目前,柴松獻先生綜合自己20多年詩歌創作經驗,在北京創辦五美詩社,宗旨就是以中國古典詩歌為基礎,重點從《詩經》、《楚辭》、漢樂府、唐詩、宋詞中汲取營養,再借用西方現代詩歌表現技巧,中西合璧,開宗立派,倡導“語言美、意境美、思想美、結構美、音樂美”五美詩歌,開拓一代詩風。

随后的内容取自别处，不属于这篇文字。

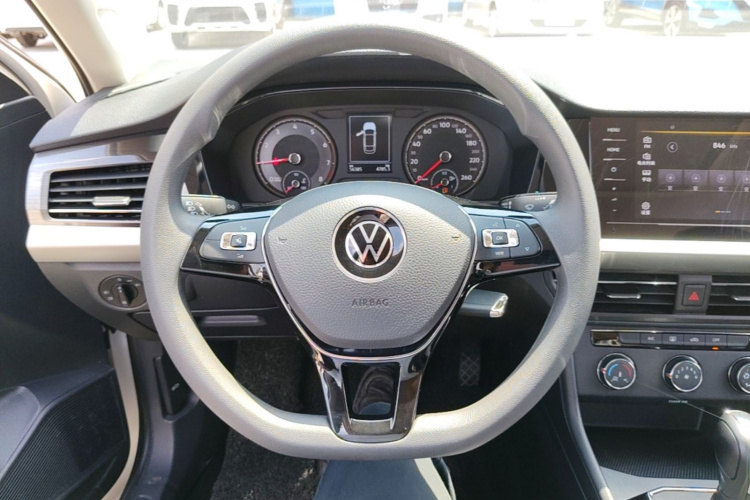 Volkswagen Lavida 2021 #11 Volkswagen Lavida 2021 car image #11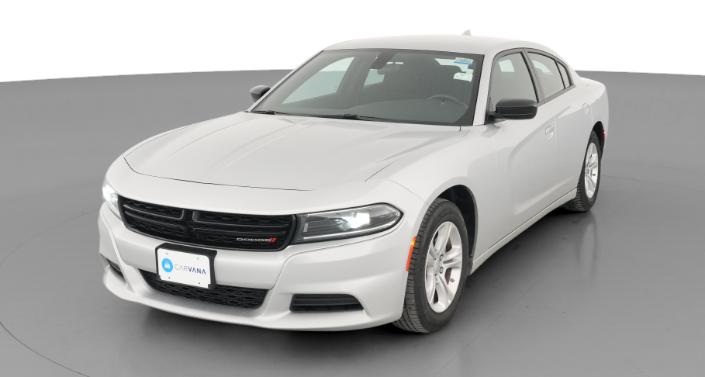 Thumbnail: 2023 Dodge Charger - 1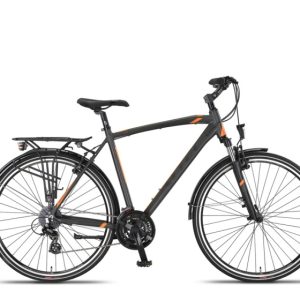 Laagste prijs: Altec Legarda 28 Inch 56 cm Heren 24V V Brakes Kaki
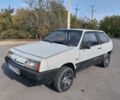 Білий ВАЗ 2108, об'ємом двигуна 1.3 л та пробігом 53 тис. км за 1500 $, фото 1 на Automoto.ua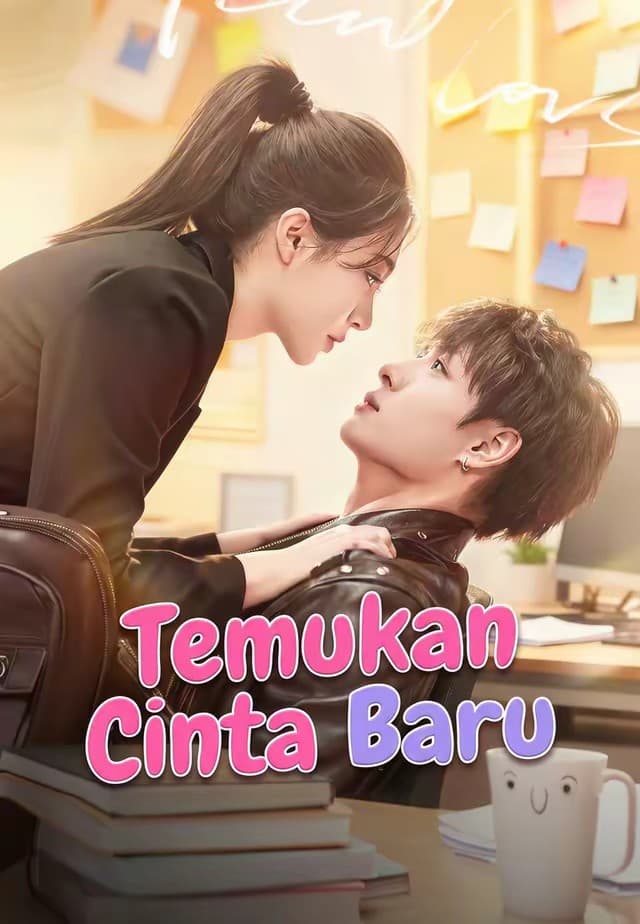 Temukan Cinta Baru - Melolo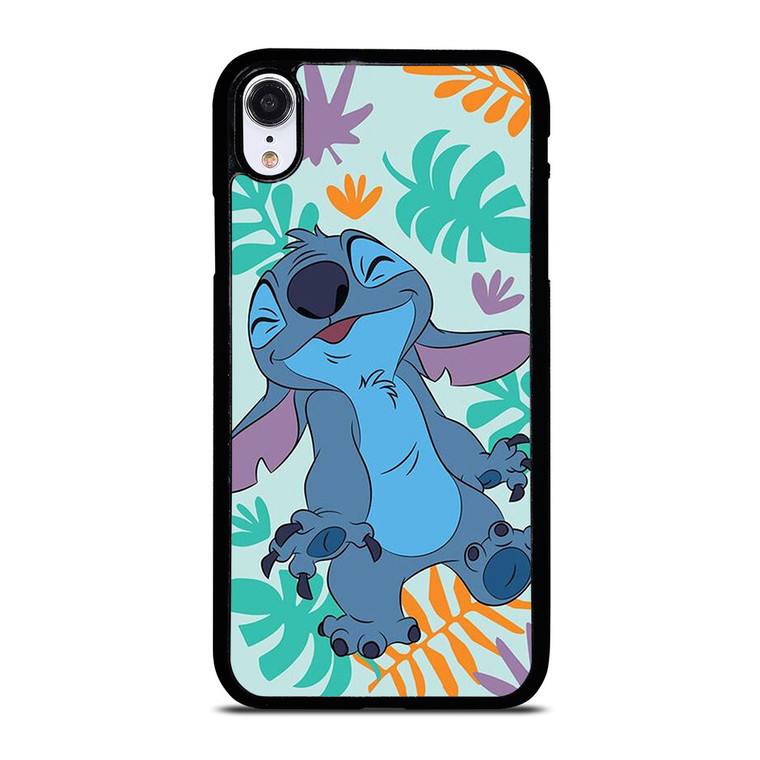SITITCH DISNEY HAPPY iPhone XR Case Cover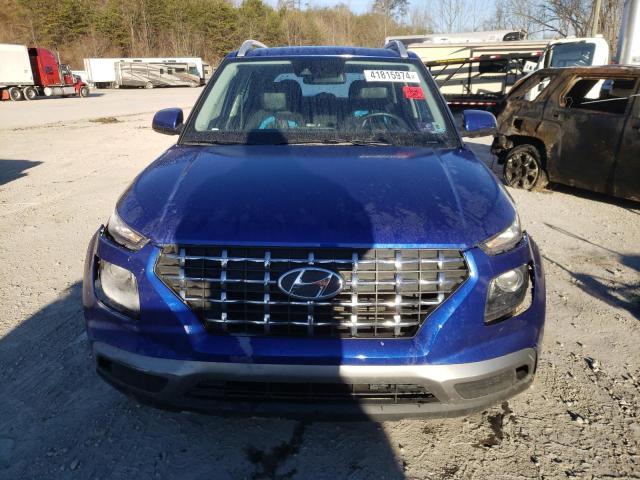 2022 HYUNDAI VENUE SEL KMHRC8A3XNU197549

中國新詩發展到今天已有上百年的歷史,流派紛呈,燦爛奪目,據云南民族大學教授、彝族詩人李騫《20世紀中國新詩流派研究》一書介紹,新詩有22種流派:早期白話新詩、“為人生”的寫實派、“小詩派”、創造社的浪漫主義詩派、“湖畔派”、“新月”格律詩派、初期象征派、現代派、“中國詩歌會”、“七月詩派”、晉察冀詩群、“新民歌體”、“九葉”詩派、臺灣“現代詩社”、臺灣“藍星”詩社、臺灣“創世紀”詩社、臺灣“葡萄園”詩社、“笠”社、臺灣后生代詩群、“朦朧派”詩人、“新邊塞詩派”、“新生代詩群”。這些流派都產生了藝術成就突出的耳熟能詳的代表詩人,如胡適、朱自清、冰心、郭沫若、田漢、汪靜之、馮雪峰、徐志摩、聞一多、李金發、戴望舒、何其芳、卞之琳、馮至、穆木天、艾青、臧克家、田間、牛漢、蔡其矯、管樺、李季、阮章競、辛迪、鄭敏、袁可嘉、穆旦、羅門、鄭愁予、楊令野、余光中、覃子豪、周夢蝶、洛夫、痖弦、管管、文曉村、白荻、向陽、羅青、北島、舒婷、顧城、楊煉、食指、昌耀、楊牧、周濤、于堅、韓東、海子等等。詩歌流派還遠不止這些,如政治抒情詩人郭小川、賀敬之、公劉,軍旅詩人李瑛,被譽為新現實主義的雷抒雁、高洪波、葉延濱、流沙河、傅天琳、韓作榮、楊匡滿、張新泉、吉狄馬加、李小雨等等。被譽為“新生代”詩群的第三代詩人更是派別林立,眼花繚亂,如莽漢主義、整體主義、海上詩派、圓明園詩派、撒嬌派、他們詩群、丑石詩群、非非主義、神性寫作、新鄉土詩派、知識分子寫作、民間寫作、第三條道路寫作、中間代、下半身寫作、荒誕主義、靈性寫作、新江西詩派、垃圾派等。但這些詩派都似乎是曇花一現,沒有恒久的生命力,沒有真正在社會上造成轟動,只是在詩歌圈里成為談資,誰也沒有成為權威。以致現在詩歌愈來愈在社會上邊緣化了,“寫詩的比讀詩的還多”,“詩人”再也沒有神圣的光環,反而成為嘲諷的對象,被稱為不切實際的“瘋子”,窮人的代名詞,連姑娘找男朋友都感覺詩人怪怪的,詩人被戲稱為“濕人”。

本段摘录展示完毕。